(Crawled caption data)

- Opening Delimiter -

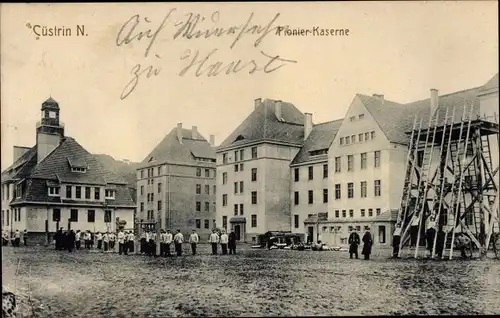 Ak Kostrzyn nad Odrą Cüstrin Küstrin Ostbrandenburg, Pionier Kaserne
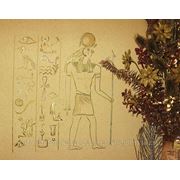 Роспись по декоративной штукатерке, барельеф, лепнина в интерьере, фактурная роспись, объемный рисунок фотография
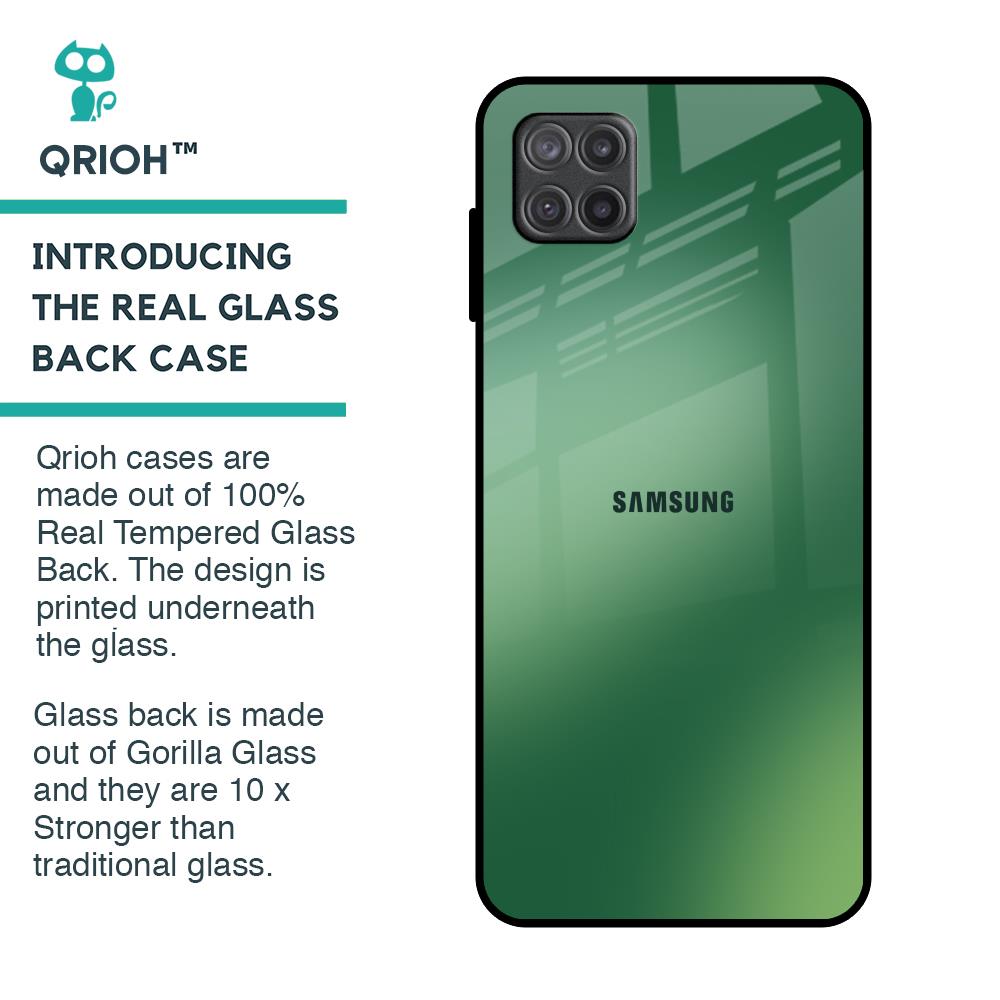 Green Grunge Texture Glass Case for Samsung Galaxy A12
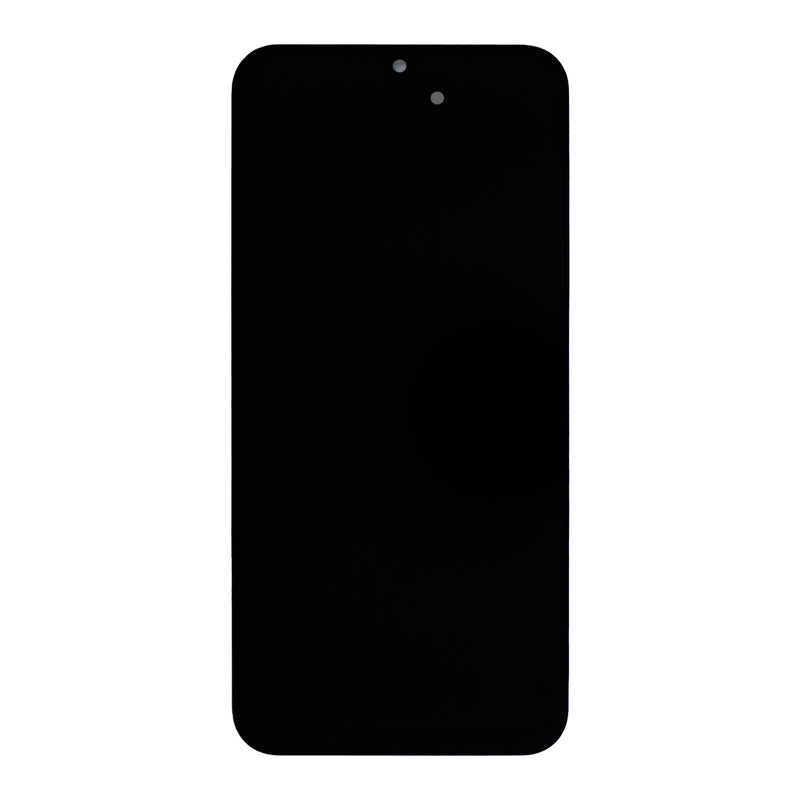 Samsung Galaxy A15 A155F, A15 5G A156B Beeldscherm en Digitizer met Frame Zwart Service Pack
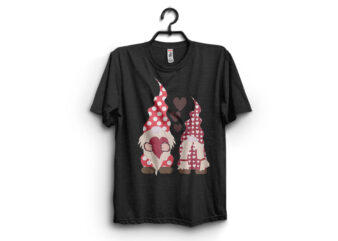 Valentine Gnome T Shirt Vector Art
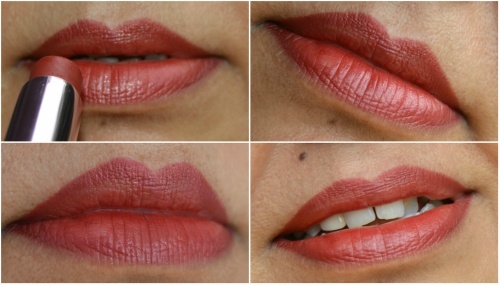 Lotus Makeup Midnight Maroon Ecostay Long Lasting Lip Colour LiP Swatch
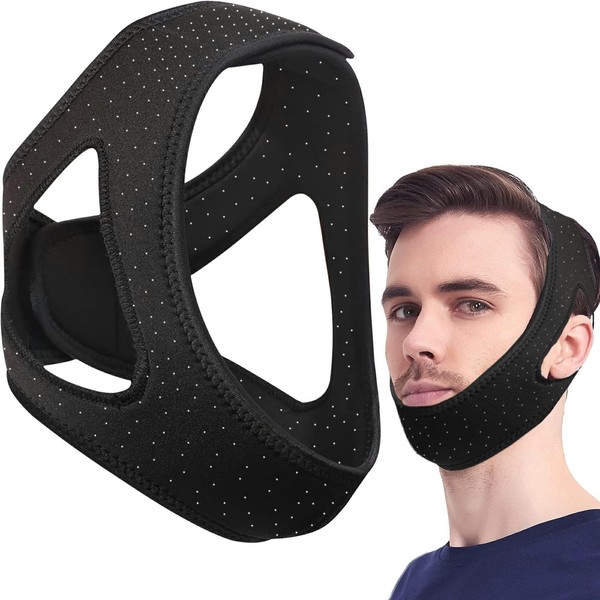 Anti Snoring Devices [Upgraded] - Snoring Solution Chin Strap -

- Closing Delimiter -

**WHAT IS NEEDED:**
An exact, word-for-word copy of the records is expected, with no pictures in it.

**ANSWER SECTION:**
 Ak Kostrzyn nad Odrą Cüstrin Küstrin Ostbrandenburg, Pionier Kaserne
 Роспись по декоративной штукатерке, барельеф, лепнина в интерьере, фактурная роспись, объемный рисунок фотография
 Green Grunge Texture Glass Case for Samsung Galaxy A12
 Samsung Galaxy A15 A155F, A15 5G A156B Beeldscherm en Digitizer met Frame Zwart Service Pack
 Valentine Gnome T Shirt Vector Art
 Lotus Makeup Midnight Maroon Ecostay Long Lasting Lip Colour LiP Swatch
 Anti Snoring Devices [Upgraded] - Snoring Solution Chin Strap -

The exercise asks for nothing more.